Show every line of the data that contains the string "Santa".

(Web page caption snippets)
-=-=-=-=-
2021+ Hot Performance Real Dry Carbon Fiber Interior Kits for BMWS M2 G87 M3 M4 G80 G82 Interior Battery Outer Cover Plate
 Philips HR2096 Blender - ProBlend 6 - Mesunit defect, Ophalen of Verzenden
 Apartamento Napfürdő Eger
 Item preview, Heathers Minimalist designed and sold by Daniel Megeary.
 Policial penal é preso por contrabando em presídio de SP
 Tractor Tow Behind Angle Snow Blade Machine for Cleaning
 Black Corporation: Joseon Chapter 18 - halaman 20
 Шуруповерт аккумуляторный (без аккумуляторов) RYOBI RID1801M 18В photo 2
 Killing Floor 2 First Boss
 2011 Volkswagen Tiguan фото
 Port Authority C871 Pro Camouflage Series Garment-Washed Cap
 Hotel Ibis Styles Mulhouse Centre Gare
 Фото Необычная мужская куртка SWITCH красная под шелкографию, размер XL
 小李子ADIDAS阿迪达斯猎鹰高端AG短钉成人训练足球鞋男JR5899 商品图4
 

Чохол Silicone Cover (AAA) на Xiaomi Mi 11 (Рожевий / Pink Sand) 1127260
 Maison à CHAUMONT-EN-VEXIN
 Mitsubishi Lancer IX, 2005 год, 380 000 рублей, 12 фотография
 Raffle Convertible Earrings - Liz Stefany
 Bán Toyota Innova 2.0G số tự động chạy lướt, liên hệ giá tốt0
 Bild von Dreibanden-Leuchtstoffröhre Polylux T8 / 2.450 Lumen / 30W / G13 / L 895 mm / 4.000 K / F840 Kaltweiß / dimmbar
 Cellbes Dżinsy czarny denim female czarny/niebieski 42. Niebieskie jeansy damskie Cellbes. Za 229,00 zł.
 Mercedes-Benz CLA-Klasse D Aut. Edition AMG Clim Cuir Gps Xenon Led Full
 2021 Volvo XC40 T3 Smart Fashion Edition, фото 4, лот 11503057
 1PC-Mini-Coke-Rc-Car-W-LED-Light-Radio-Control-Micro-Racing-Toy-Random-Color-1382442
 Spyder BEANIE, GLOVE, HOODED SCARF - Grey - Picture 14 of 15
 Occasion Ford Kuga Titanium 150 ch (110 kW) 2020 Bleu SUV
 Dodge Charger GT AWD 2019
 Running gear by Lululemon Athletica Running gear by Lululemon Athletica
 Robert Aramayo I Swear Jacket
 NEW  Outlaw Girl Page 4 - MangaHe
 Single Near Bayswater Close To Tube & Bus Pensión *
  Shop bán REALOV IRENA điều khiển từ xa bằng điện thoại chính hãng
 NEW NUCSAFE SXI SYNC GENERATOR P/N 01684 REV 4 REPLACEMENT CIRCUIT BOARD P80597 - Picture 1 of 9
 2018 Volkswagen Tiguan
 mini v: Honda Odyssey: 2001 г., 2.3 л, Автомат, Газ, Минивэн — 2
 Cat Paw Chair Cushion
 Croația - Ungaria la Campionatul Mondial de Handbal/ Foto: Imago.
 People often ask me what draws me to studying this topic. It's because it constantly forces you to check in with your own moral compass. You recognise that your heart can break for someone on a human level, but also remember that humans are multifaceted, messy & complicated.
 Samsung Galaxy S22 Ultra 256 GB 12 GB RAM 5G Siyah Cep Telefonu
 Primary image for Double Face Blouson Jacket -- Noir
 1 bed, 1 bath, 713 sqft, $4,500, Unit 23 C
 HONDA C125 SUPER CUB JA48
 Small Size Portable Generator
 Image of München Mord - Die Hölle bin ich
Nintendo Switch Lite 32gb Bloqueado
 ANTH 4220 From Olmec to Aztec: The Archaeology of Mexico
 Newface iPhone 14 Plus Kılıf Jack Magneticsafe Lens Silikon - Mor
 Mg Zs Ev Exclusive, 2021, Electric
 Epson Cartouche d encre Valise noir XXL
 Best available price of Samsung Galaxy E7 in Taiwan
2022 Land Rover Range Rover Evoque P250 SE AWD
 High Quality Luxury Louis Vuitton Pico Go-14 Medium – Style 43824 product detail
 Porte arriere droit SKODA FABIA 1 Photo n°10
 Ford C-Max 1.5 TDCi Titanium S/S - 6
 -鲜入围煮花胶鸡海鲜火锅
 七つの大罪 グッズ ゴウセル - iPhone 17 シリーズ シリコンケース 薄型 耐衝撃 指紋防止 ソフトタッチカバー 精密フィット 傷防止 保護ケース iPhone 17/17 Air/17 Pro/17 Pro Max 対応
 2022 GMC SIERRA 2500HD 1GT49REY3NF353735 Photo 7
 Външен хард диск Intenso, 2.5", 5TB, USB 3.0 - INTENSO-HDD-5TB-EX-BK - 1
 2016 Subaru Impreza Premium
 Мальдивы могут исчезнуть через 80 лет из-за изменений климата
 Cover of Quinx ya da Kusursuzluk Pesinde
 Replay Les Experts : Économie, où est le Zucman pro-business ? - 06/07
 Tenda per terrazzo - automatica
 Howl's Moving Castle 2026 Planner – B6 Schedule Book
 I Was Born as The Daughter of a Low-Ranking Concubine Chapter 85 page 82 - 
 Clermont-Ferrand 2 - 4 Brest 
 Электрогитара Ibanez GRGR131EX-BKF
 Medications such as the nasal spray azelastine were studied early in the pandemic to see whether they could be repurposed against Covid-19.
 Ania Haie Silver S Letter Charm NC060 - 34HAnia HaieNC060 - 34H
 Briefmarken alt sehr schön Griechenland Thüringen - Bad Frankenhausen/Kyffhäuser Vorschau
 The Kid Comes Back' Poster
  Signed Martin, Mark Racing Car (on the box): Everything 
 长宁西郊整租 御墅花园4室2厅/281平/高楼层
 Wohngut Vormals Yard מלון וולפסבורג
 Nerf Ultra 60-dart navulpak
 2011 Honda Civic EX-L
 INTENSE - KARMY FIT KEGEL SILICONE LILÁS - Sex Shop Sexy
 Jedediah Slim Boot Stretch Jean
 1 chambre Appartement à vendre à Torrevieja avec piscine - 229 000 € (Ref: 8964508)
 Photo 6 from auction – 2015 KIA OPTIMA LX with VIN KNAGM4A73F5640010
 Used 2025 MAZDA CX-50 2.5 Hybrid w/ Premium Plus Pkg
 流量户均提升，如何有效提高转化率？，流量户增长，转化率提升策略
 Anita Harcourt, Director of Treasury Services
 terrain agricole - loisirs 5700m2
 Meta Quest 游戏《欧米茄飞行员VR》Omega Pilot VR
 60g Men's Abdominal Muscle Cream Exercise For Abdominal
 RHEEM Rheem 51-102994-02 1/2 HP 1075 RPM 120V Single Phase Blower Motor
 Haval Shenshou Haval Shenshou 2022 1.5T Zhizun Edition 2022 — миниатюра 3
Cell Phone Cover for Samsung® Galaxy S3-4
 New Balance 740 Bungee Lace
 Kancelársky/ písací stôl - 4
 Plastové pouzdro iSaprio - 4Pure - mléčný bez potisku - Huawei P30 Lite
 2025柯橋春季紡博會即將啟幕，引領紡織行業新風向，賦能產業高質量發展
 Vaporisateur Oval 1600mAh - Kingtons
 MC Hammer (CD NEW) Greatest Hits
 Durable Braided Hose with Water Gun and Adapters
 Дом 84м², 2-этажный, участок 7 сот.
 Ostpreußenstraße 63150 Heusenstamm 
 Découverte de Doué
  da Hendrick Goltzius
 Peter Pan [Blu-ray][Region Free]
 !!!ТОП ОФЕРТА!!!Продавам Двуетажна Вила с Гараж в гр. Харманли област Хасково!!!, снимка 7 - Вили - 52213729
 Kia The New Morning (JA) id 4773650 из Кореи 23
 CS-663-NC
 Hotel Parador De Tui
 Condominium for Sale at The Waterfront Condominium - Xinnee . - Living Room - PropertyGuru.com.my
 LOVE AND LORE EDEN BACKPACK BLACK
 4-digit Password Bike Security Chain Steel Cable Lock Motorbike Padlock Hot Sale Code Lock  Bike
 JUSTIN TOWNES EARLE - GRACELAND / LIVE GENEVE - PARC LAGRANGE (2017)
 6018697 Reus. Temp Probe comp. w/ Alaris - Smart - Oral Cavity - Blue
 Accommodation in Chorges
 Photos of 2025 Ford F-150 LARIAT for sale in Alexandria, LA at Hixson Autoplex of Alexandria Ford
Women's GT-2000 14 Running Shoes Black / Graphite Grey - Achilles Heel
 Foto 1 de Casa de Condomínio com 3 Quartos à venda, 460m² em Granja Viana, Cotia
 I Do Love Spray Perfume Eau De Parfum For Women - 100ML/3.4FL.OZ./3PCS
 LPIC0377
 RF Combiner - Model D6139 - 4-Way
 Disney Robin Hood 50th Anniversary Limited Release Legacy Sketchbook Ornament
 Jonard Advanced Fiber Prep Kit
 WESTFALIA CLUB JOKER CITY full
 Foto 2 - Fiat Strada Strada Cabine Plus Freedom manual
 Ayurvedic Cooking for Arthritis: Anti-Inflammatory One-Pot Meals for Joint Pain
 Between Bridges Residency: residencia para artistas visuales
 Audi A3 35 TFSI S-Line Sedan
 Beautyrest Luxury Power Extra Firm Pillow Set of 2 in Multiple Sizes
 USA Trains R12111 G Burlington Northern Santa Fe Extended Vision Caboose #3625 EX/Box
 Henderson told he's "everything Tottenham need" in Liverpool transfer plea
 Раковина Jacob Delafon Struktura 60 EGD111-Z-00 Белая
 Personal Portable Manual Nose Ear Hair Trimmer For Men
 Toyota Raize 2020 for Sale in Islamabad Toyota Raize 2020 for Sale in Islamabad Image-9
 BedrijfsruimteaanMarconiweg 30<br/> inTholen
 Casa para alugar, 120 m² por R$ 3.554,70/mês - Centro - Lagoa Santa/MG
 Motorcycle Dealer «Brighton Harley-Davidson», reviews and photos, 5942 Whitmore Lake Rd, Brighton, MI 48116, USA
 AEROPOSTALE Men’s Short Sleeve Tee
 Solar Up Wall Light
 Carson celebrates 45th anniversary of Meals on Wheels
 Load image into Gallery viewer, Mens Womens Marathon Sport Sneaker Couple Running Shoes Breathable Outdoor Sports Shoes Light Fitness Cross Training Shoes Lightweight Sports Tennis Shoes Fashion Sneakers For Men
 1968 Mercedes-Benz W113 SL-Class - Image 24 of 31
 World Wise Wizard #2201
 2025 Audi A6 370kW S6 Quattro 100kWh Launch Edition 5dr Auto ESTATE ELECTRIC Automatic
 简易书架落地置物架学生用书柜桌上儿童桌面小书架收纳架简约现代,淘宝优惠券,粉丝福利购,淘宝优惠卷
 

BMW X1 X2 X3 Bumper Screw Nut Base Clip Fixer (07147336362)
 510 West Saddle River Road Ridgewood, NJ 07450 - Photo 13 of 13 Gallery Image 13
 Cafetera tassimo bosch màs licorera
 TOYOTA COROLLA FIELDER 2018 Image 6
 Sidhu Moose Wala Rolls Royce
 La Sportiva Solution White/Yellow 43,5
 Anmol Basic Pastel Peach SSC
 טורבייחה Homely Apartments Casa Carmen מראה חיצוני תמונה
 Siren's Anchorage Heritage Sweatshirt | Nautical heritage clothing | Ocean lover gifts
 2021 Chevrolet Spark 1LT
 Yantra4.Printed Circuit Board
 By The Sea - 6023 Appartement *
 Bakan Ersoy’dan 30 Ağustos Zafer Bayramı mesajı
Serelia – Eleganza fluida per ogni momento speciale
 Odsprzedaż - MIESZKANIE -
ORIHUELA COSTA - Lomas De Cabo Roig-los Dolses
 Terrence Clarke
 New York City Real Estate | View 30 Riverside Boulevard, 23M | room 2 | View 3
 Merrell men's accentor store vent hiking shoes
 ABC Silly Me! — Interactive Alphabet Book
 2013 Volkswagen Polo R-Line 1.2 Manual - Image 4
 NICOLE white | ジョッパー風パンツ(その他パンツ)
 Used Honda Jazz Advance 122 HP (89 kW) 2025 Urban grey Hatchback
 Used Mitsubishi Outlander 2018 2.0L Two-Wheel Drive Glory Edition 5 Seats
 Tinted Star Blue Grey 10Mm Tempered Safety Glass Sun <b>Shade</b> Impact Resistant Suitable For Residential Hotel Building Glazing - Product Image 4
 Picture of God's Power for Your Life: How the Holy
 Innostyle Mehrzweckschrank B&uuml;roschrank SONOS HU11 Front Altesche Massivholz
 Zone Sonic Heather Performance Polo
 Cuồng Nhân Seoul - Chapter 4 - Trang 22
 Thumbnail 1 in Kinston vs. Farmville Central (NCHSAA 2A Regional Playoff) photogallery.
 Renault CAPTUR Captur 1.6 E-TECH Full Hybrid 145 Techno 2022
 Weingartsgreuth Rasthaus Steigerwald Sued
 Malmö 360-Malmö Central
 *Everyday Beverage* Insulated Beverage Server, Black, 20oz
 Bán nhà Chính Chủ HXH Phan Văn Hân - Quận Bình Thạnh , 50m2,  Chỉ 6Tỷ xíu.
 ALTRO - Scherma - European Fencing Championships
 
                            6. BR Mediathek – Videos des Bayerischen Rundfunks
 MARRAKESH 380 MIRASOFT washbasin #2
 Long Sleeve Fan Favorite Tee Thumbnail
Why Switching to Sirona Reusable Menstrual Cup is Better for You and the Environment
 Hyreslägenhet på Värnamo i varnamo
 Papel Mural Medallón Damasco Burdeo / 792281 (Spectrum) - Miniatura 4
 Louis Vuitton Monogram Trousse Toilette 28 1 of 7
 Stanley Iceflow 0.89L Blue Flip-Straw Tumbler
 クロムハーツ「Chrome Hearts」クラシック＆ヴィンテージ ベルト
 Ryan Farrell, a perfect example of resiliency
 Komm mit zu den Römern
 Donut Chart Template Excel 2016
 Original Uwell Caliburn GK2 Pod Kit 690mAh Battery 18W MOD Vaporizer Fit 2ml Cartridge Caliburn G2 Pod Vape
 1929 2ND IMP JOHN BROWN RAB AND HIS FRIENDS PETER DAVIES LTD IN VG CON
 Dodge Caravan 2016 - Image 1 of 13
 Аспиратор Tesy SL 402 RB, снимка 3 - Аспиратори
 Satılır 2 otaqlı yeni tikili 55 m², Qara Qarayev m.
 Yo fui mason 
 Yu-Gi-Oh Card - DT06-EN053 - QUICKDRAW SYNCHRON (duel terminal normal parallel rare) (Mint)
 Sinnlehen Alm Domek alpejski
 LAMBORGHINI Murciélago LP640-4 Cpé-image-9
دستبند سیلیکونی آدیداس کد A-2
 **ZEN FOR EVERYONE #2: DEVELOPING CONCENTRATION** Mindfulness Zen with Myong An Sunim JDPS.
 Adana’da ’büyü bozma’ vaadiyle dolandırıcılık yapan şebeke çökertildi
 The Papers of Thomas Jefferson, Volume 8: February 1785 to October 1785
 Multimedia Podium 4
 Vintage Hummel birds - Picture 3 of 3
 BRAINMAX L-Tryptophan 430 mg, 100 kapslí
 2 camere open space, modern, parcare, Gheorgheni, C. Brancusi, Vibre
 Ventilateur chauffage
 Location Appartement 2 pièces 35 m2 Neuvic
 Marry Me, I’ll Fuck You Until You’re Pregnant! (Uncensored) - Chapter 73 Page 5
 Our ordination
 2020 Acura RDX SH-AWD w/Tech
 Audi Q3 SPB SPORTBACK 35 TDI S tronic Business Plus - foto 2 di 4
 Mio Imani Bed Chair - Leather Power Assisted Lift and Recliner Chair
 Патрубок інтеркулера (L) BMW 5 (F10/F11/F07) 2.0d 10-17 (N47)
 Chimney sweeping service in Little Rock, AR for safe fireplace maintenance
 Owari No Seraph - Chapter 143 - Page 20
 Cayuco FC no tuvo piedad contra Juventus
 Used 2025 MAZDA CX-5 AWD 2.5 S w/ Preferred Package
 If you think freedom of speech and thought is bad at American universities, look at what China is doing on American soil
-=-=-=-=-
▶ **ANSWER TO THIS EXERCISE**:
 USA Trains R12111 G Burlington Northern Santa Fe Extended Vision Caboose #3625 EX/Box
 Casa para alugar, 120 m² por R$ 3.554,70/mês - Centro - Lagoa Santa/MG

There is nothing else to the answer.